Łączy się to z tezą teologów, że można powiedzieć, czym Bóg nie jest, ale nie (łatwo) powiedzieć, czym On jest.
(It connects with the theologians' point that you can say what God is not, but not (easily) what He is.)
Cytat ten podkreśla głęboki aspekt dociekań teologicznych i filozoficznych: nasze zrozumienie boskości jest z natury ograniczone przez język i ludzkie poznanie. Pomysł, że możemy łatwiej zdefiniować, czym Bóg nie jest, niż czym jest, rezonuje z wieloma tradycjami teologicznymi, które często podkreślają niewysłowioność i transcendencję tego, co boskie. Ta perspektywa jest zgodna z teologią apofatyczną, która sugeruje, że wiedzę o Bogu zdobywamy poprzez negację – poprzez stwierdzenie, czym On nie jest – ponieważ pozytywne cechy zwykle nie oddają Jego prawdziwej istoty.

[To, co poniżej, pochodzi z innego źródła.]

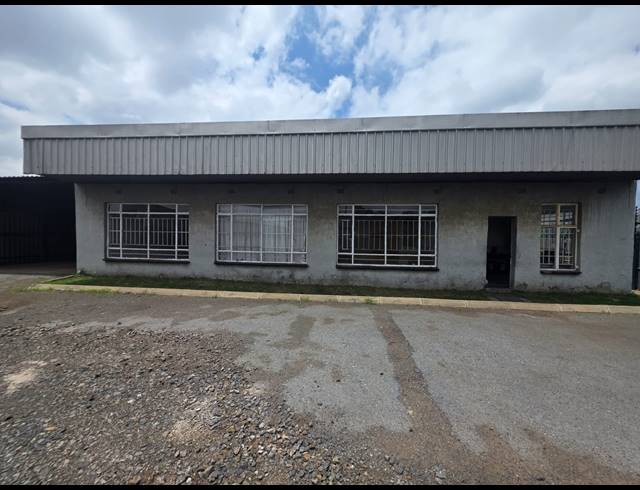 3,300M² WAREHOUSE TO LET IN ALRODE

W praktyce próby precyzyjnego zdefiniowania natury Boga często prowadzą do nadmiernych uproszczeń, antropomorfizmów lub błędnych interpretacji. Zamiast tego uznanie tego, czym Bóg nie jest, służy jako pokorne przypomnienie naszych epistemologicznych ograniczeń. Zachęca do pokory w naszych twierdzeniach teologicznych i podkreśla tajemniczą naturę boskości. Do dyskusji o Bogu musimy podchodzić z szacunkiem i świadomością, że nasz język, niezależnie od tego, jak precyzyjny jest, może nigdy nie ująć w pełni boskiej rzeczywistości. Ta perspektywa zachęca zarówno myślicieli, jak i wierzących do skupienia się na moralnych i relacyjnych aspektach swojej wiary, a nie na dogmatycznych definicjach. Sprzyja także poczuciu otwartości na tajemnicę i boskość wykraczającą poza ludzkie zrozumienie, skłaniając do ciągłego dociekania i szacunku. Przyjęcie tych ograniczeń pobudza także filozoficzną pokorę, przypominając nam, że pewność co do boskości jest nieuchwytna i być może, że najgłębszych prawd nie da się wyrazić słowami.